North and South Korea will hold a seventh round of talks Wednesday on reopening their joint industrial park in Kaesong, with a lot more than the future of the complex riding on the outcome.
With South Korea kicking off a military exercise with the United States next week, the result of the negotiations could determine whether the peninsula is sucked into another dangerous cycle of escalating tensions.
Similar joint exercises earlier this year were cited by Pyongyang as the main factor behind its decision in early April to effectively shut down the Kaesong industrial zone.
The North initially barred access to the park, which lies 10 kilometers (six miles) inside the North Korean border, and then withdrew its 53,000-strong workforce that keeps the 123 South Korean firms in Kaesong running.
After six rounds of talks on normalising operations resulted in little more than mutual mud-slinging, the process petered out and Kaesong’s future looked bleak.
Then last week, just as Seoul announced it was going to start compensation payouts totalling $250 million to businesses impacted by Kaesong’s closure, North Korea proposed fresh dialogue.
The proposal came with what North Korea termed “magnanimous” assurances of Pyongyang’s commitment to Kaesong, but stopped short of the South’s demand for a binding guarantee that the North would not close the complex again in future.

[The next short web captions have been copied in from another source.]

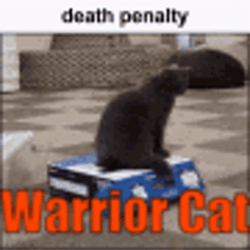 Warrior Cats Death Penalty GIF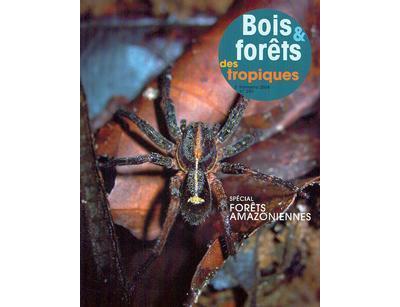 Bois forets des tropiques n 280 2004 special forets amazoni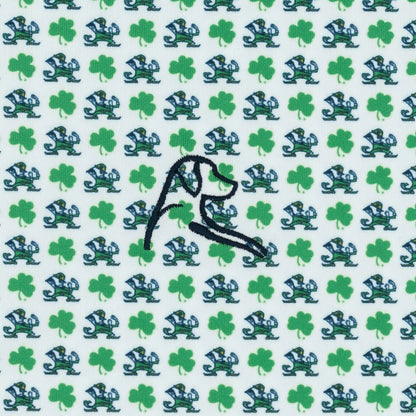 The Notre Dame Fighting Irish™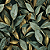 D1362 - Folhas Lush Verde - Imagem 1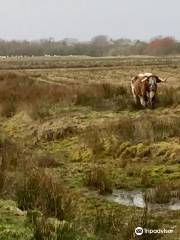 WWT Caerlaverock Wetland Centre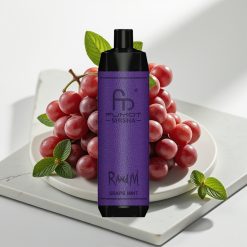 RandM Fumot Shisha 10000 Puffs Disposable Vape Uva Hortelã, 18ml, 0.5% Nicotina, Tipo-C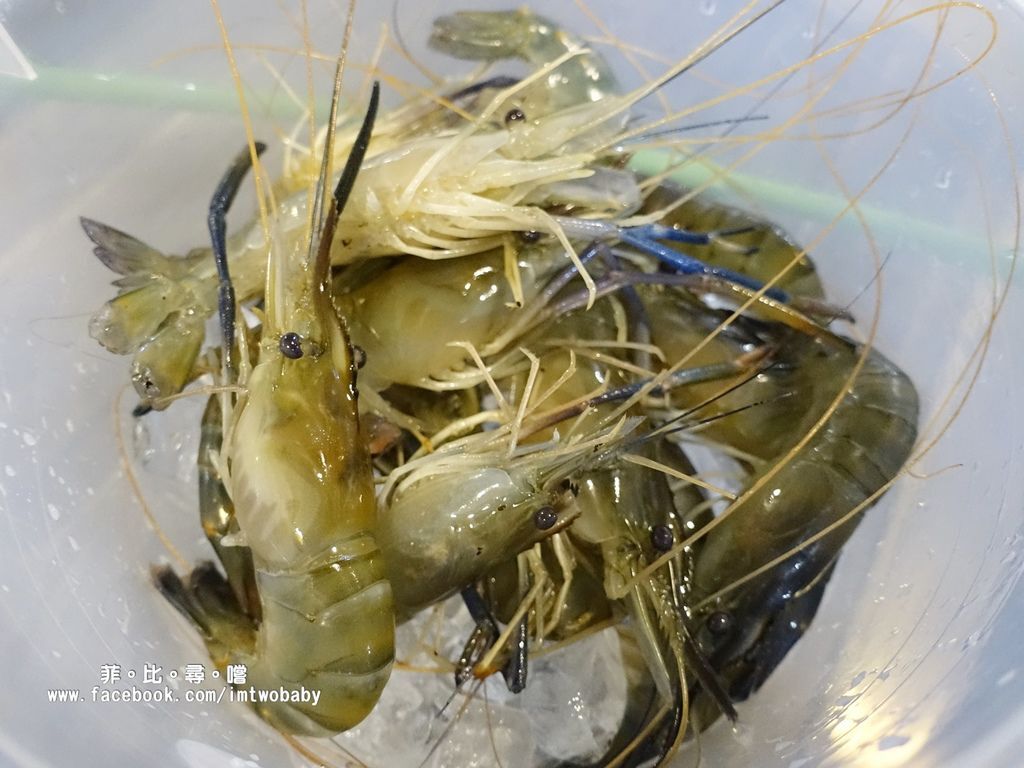 海寶城複合式碳烤 新北五股店 水道活海鮮/碳烤/火鍋吃到飽 泰國蝦、泥鰍、活魚、螃蟹各式高檔海鮮現撈現烤吃爽爽! @兔貝比的菲比尋嚐 海寶城複合式碳烤 新北五股店 水道活海鮮/碳烤/火鍋吃到飽 泰國蝦、泥鰍、活魚、螃蟹各式高檔海鮮現撈現烤吃爽爽! @兔貝比的菲比尋嚐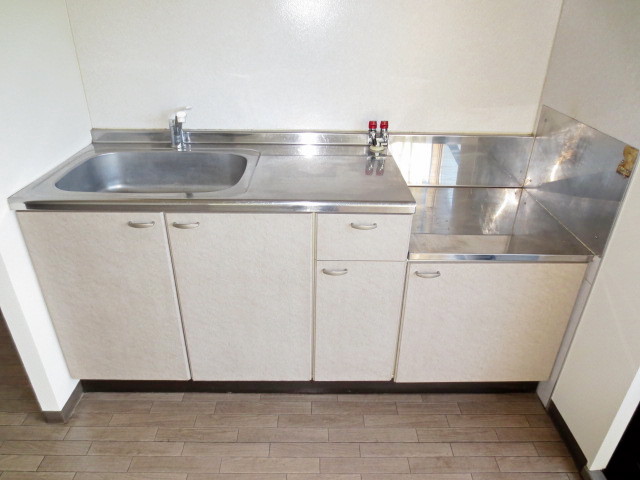 Kitchen. Sink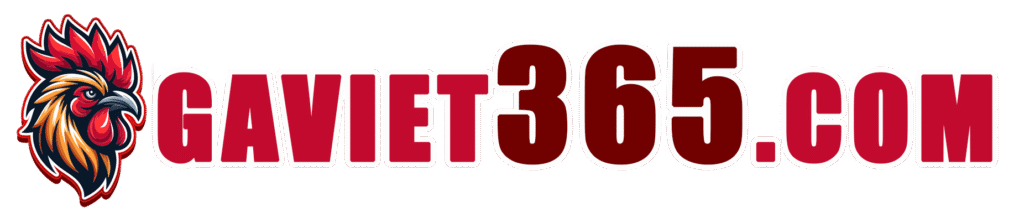 Gaviet365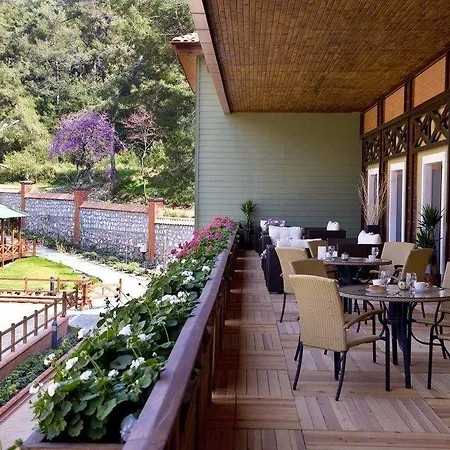 Padok Premium & Stables فندق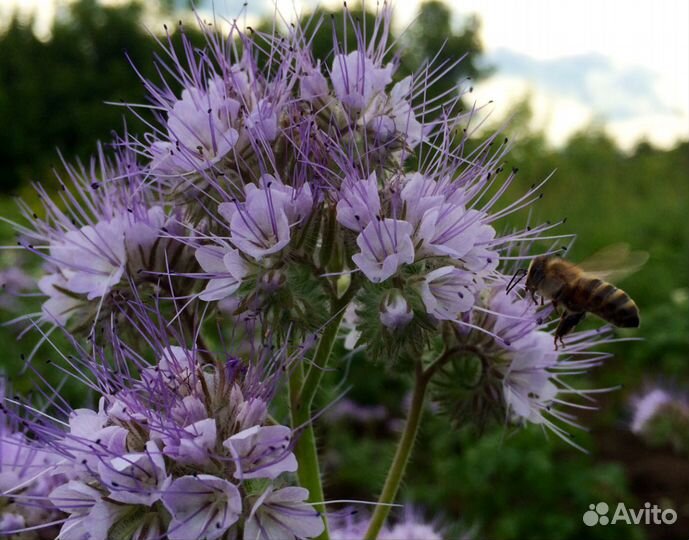 Крем мед, Мед в сотах и на разлив с моей пасеки и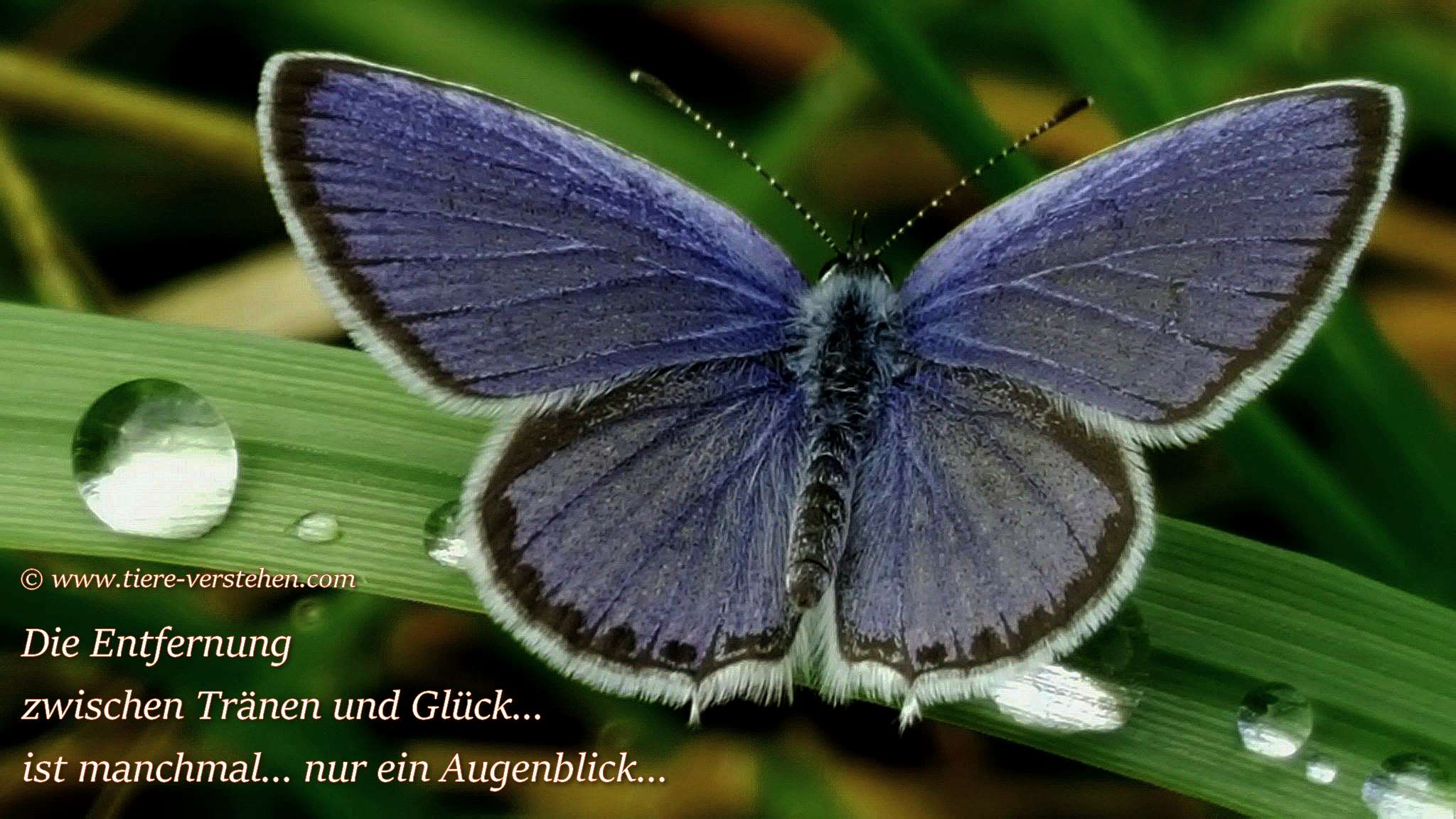 Manchmal liegt Freud und Leid so nah beieinander... Tierkommunikation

The North sees offering such a safeguard as an admission of sole responsibility, but the South’s Unification Ministry insists it will continue to push for the concession on Wednesday.
“South Korea will focus on securing a guarantee that could help normalise the industrial complex,” ministry spokesman Kim Hyung-Suk said.
Looming large over the talks is the launch next Monday of the annual “Ulchi Freedom Guardian” joint military exercise, involving about 50,000 South Korean and 30,000 US troops practising a North Korean invasion scenario.
Although the drill is largely computer-simulated, it is viewed as highly provocative by North Korea, which has already issued dire warning of its impact on stability on the peninsula.
“If the drill takes place, conditions in the region will become unpredictable and escalate to the brink of war,” the North’s ruling-party newspaper Rodong Sinmun said last month.
The Korean peninsula was gripped by several months of sustained military tensions following the North’s third nuclear test in February, with Pyongyang threatening pre-emptive nuclear strikes against the South and the United States.
Some analysts believe next week’s exercises are likely to trigger a fresh cycle of threats and provocation from North Korea and its young leader Kim Jong-Un.
“The North Korean system’s seemingly inherent need for instability — and the frustrations of its current situation — provide every reason to be on guard against new provocative actions,” said Scott Snyder, senior fellow for Korean Studies at the US-based Council on Foreign Relations.
“The bottom line: expect more nuclear and missile tests and/or other provocations sooner or later, because Kim Jong-Un’s legitimacy and his prospects for survival may depend upon it,” Snyder wrote.
Whether it is “sooner or later” could depend in large part on how Wednesday’s Kaesong talks conclude.
A rancorous outcome similar to the end of the sixth round would set the stage for a particularly vitriolic North Korean reaction to the start of the joint exercises.
“If the talks fall apart again, the North will start spewing its bile over the exercises,” said Paik Hak-Soon, an analyst at the Sejong Institute think-tank in Seoul.
But if progress is made towards re-opening Kaesong then Pyongyang may choose to tone down its criticism so as to avoid endangering a resumption of operations.
Established in 2004, Kaesong was a key hard-currency earner for the North and the decision to shut it down took many observers by surprise.
As the last remaining symbol of inter-Korean operation, the project had managed to ride out previous North-South crises without serious disruption.
Paik said the North’s proposal for fresh talks seemed to have a genuinely forward-looking tone that the South Korean side should “react positively to” and without being too inflexible over its demands for a guarantee.
South Korean President Park Geun-Hye will face “considerable pressure” at home and abroad if she is seen to push the North too far into a corner over Kaesong, Paik warned.
“Liberal South Koreans will be unhappy about it and other countries will be unhappy about it, especially China,” he added.